● **ACTIVITY**:
A faithful copy of the entries is required, with no images in it.

Pictures with short captions
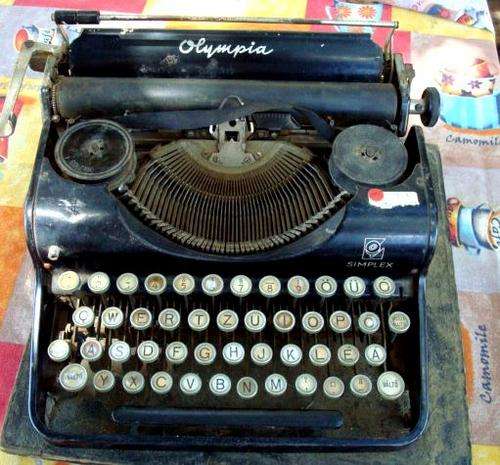 Vintage tipewriter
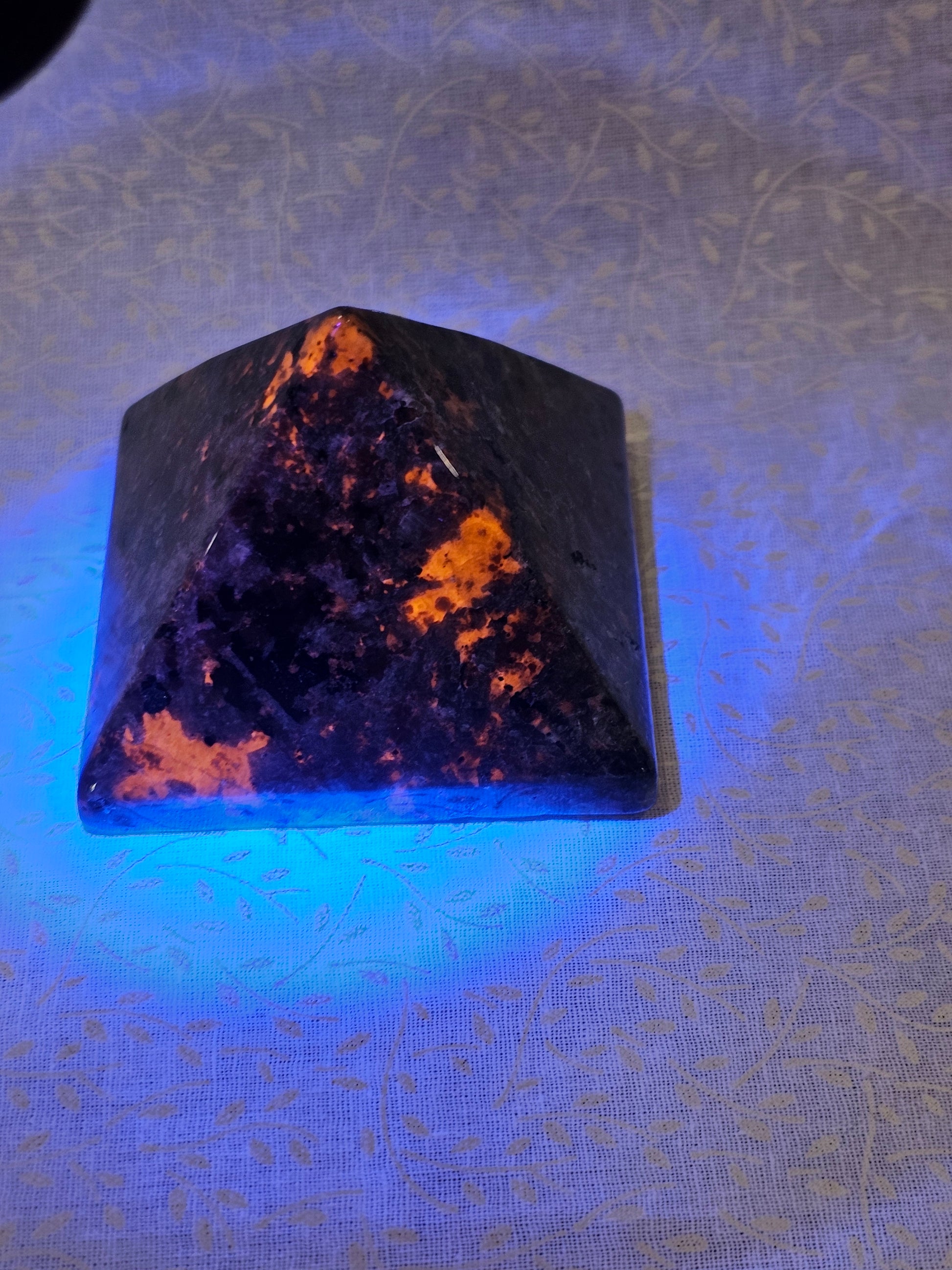 Yooperlite Crystal Pyrimd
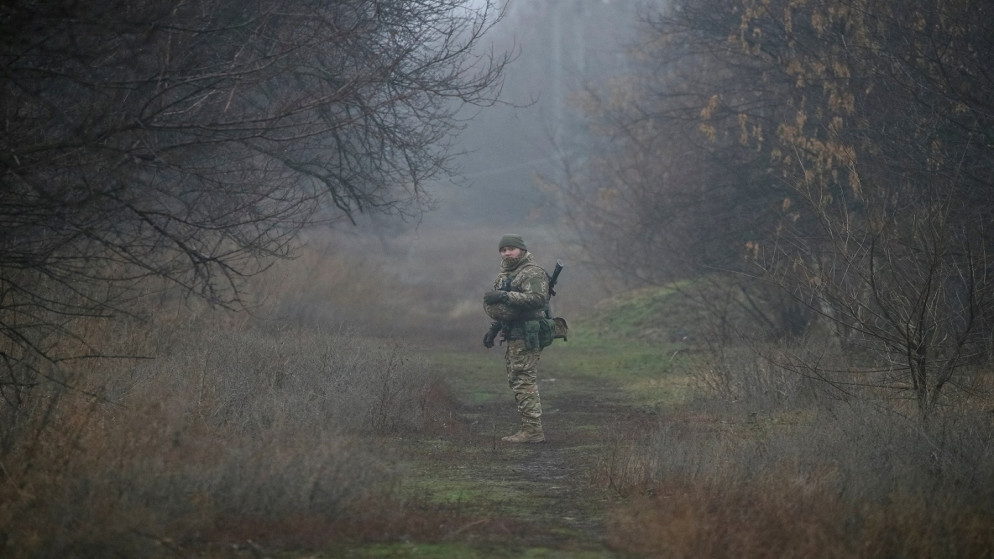 صورة لجندي أوكراني على خط المواجهة بالقرب من قرية ترافنيف في منطقة دونيتسك بأوكرانيا، 15 كانون الأول/ ديسمبر 2021 (رويترز)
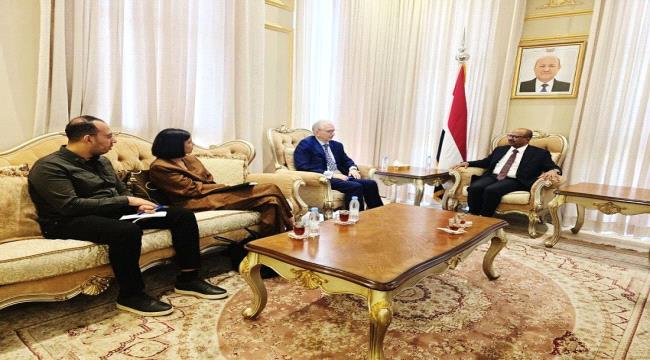 وزير النفط يبحث مع السفير الألماني تعزيز التعاون الثنائي في مجالات الطاقة ...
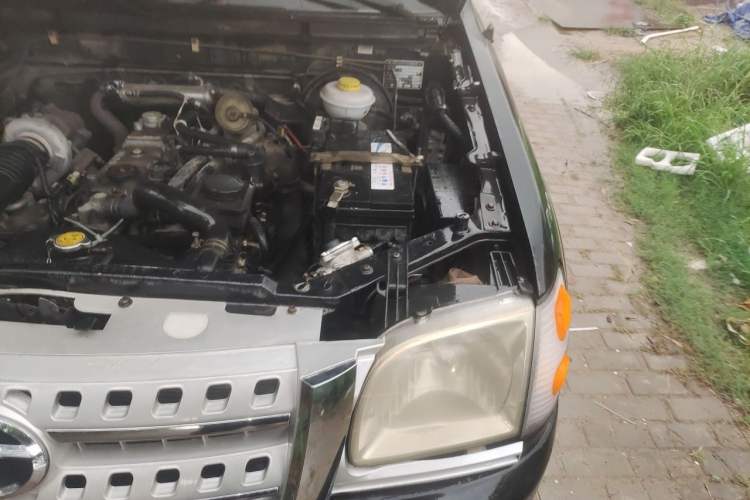 Used Zxauto Grandtiger 2013 2.8T Diesel Two-Wheel Drive Common Rail Engine Bay Left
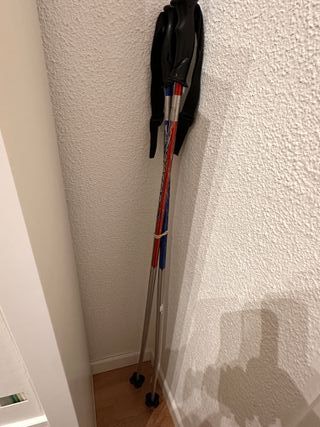 Esquís Atomic con fijaciones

● **REPLY TO THE EXERCISE**:
 Vintage tipewriter
 Yooperlite Crystal Pyrimd
 صورة لجندي أوكراني على خط المواجهة بالقرب من قرية ترافنيف في منطقة دونيتسك بأوكرانيا، 15 كانون الأول/ ديسمبر 2021 (رويترز)
 وزير النفط يبحث مع السفير الألماني تعزيز التعاون الثنائي في مجالات الطاقة ...
 Used Zxauto Grandtiger 2013 2.8T Diesel Two-Wheel Drive Common Rail Engine Bay Left
 Esquís Atomic con fijaciones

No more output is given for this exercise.